Task to carry out: Reproduce, please, the line that holds "Ein Wohnzimmer mit" and all later lines through the end of the entries below, exactly; omit pictures.

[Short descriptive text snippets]

- - - - - - -

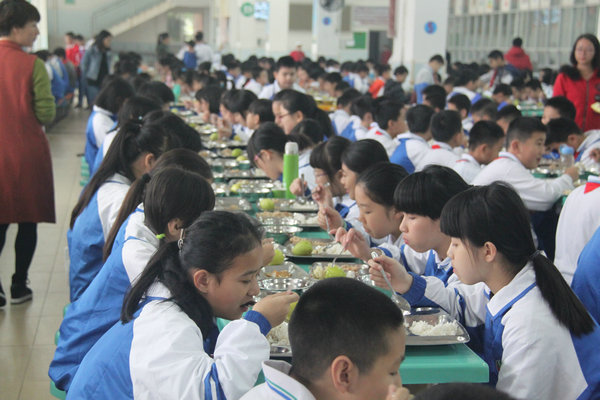 委员提议，家长参与校园餐监督，共筑校园食品安全防线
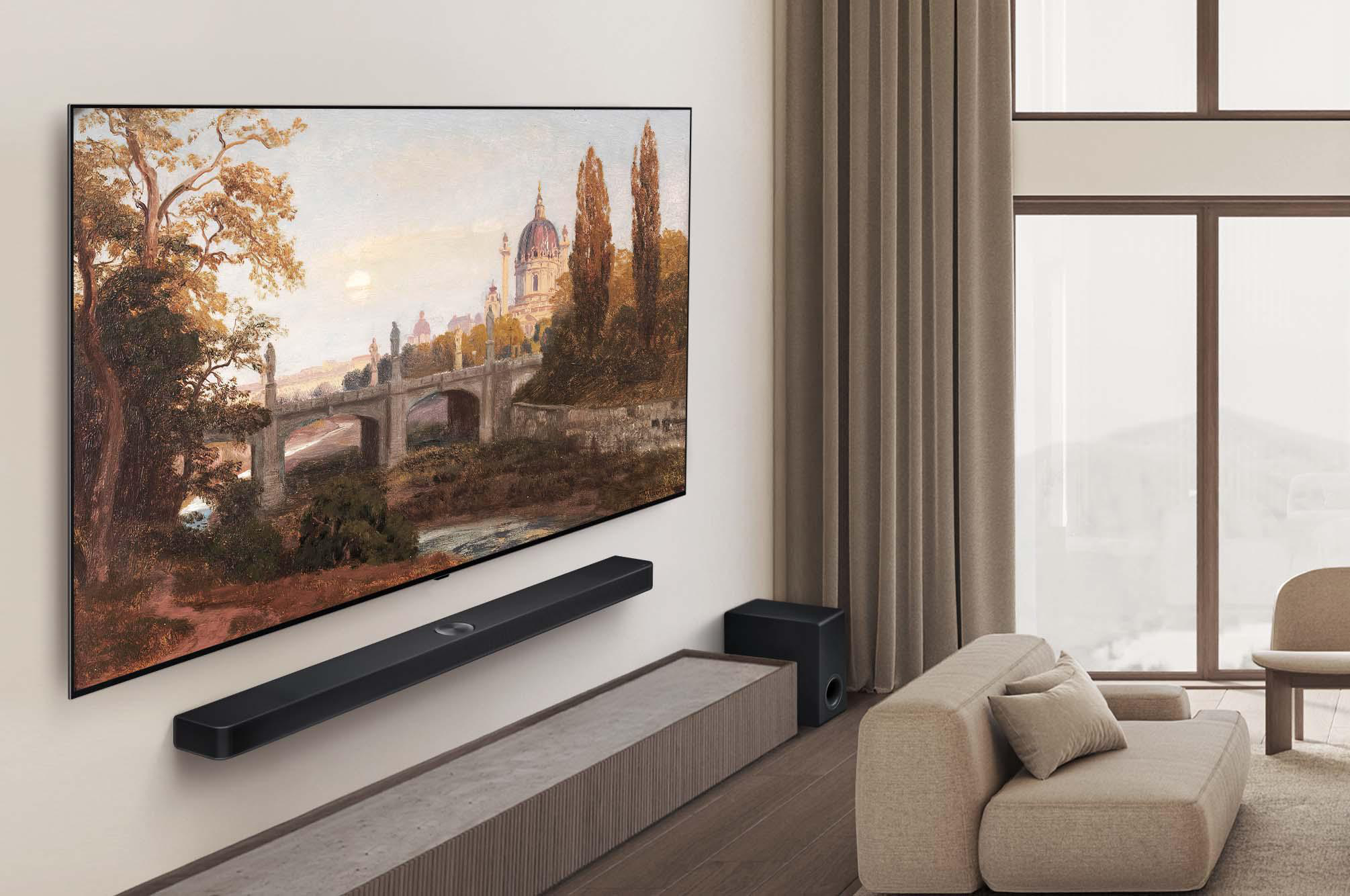 Ein Wohnzimmer mit einem großen Fernseher, der ein Gemälde zeigt, einer Soundbar und einem Sofa.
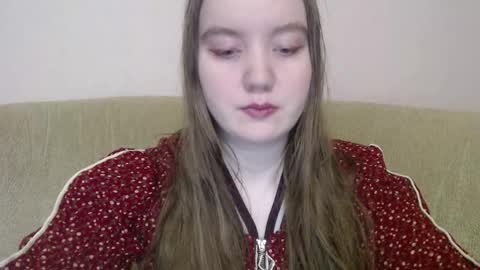 Snapshot of aquanarmin chatting on 12.18.25 Josefin online show from 12.18.25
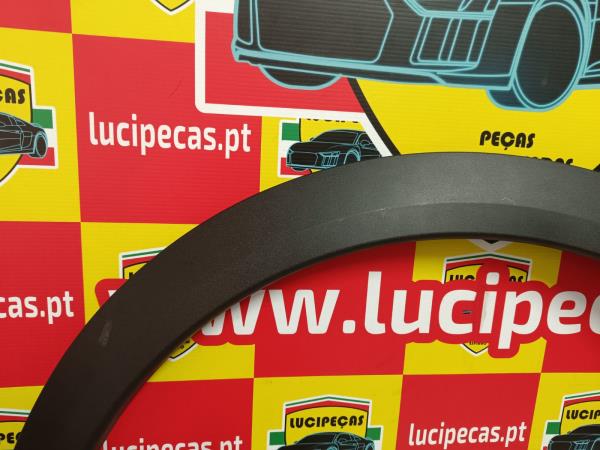 ABA GUARDA LAMAS TRAS DRT PEUGEOT 5008 lll  Imagem-2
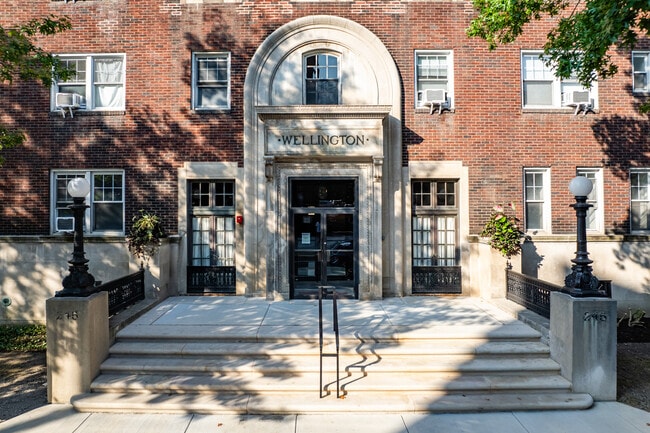 Wellington Apartments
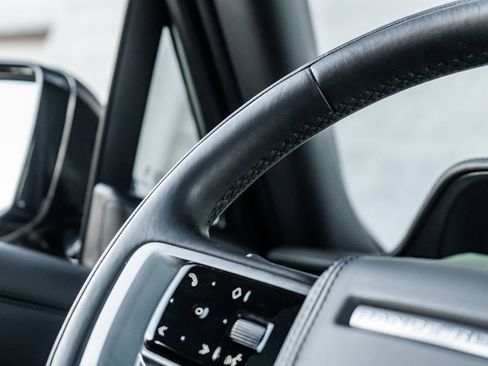 Used 2023 Land Rover Range Rover SV image 33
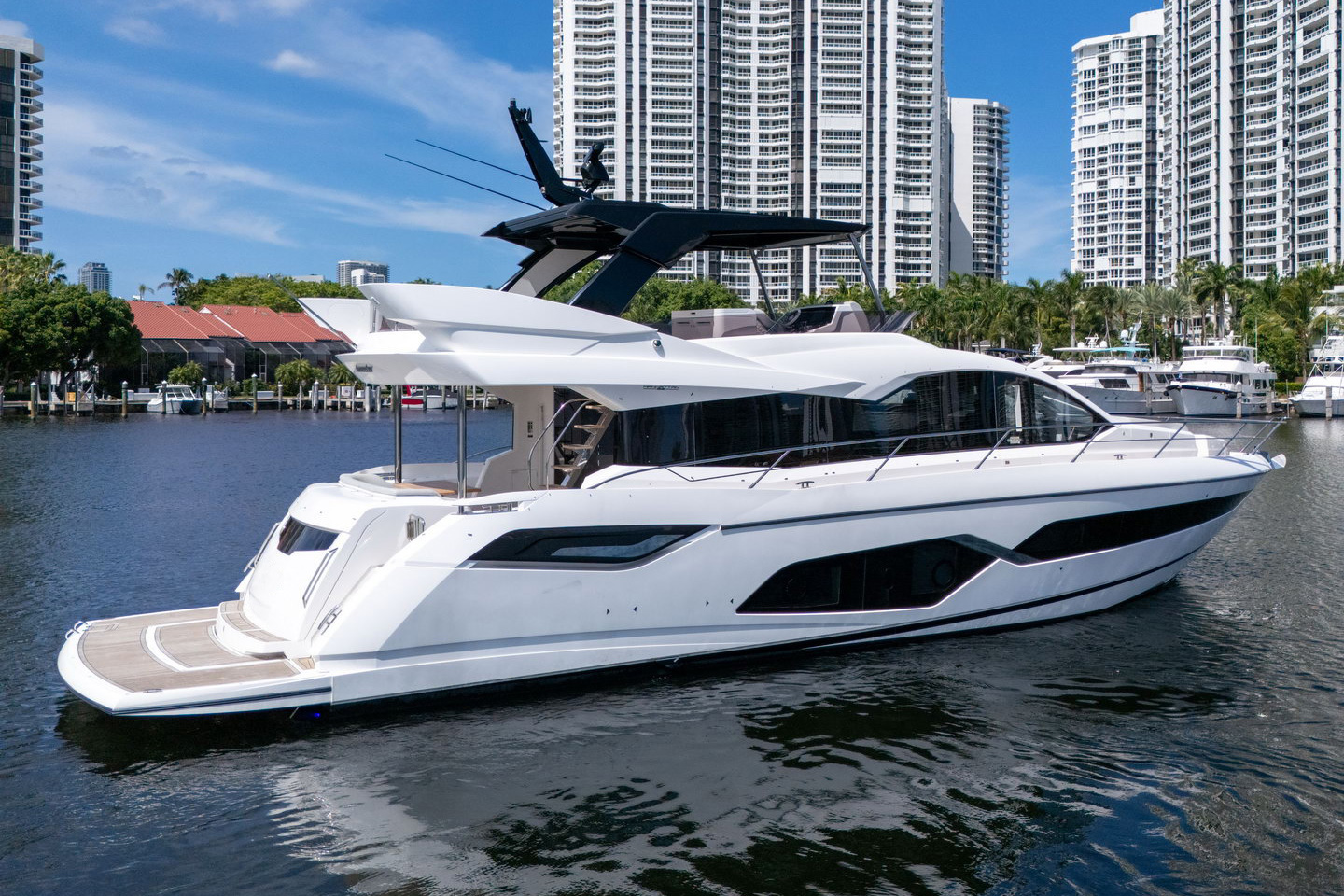Sunseeker-Manhattan68_ext02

- - - - - - -

Response to the exercise:
 Ein Wohnzimmer mit einem großen Fernseher, der ein Gemälde zeigt, einer Soundbar und einem Sofa.
 Snapshot of aquanarmin chatting on 12.18.25 Josefin online show from 12.18.25
 ABA GUARDA LAMAS TRAS DRT PEUGEOT 5008 lll  Imagem-2
 Wellington Apartments
 Used 2023 Land Rover Range Rover SV image 33
Sunseeker-Manhattan68_ext02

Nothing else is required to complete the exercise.